Provided material START

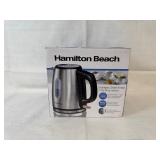 Hamilton Beach Stainless Steel Kettle 1.2 Liter 1500W Sealed Box
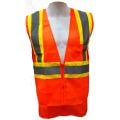 Valcrest 28235 Class 2 Hi Vis Mesh Safety Vest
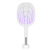 Smart Household Dual-Use-in-One Electric Mosquito Swatter Rechargeable Mosquito Killer Mosquito Trap Fly Electric Shock Mosquito Killer Battery Racket Swatter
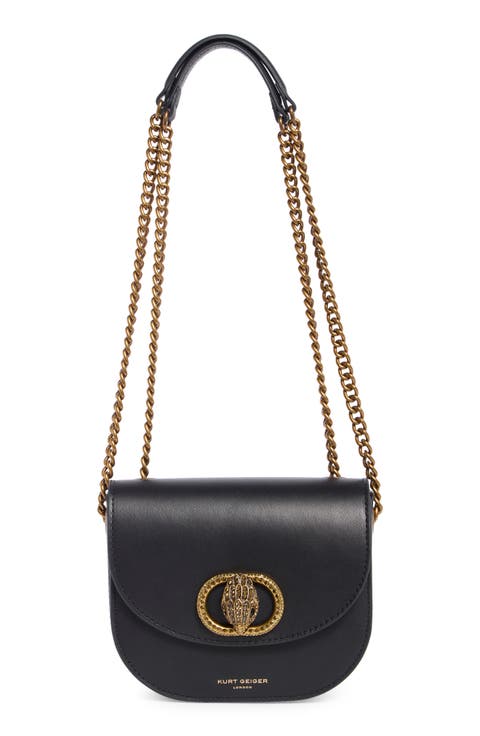 Chelsea Genuine Leather Saddle Bag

Provided material END

Description of the task:
From the first line to the last, please copy the data exactly, with the pictures left out.

Solution to this problem:
 Hamilton Beach Stainless Steel Kettle 1.2 Liter 1500W Sealed Box
 Valcrest 28235 Class 2 Hi Vis Mesh Safety Vest
 Smart Household Dual-Use-in-One Electric Mosquito Swatter Rechargeable Mosquito Killer Mosquito Trap Fly Electric Shock Mosquito Killer Battery Racket Swatter
 Chelsea Genuine Leather Saddle Bag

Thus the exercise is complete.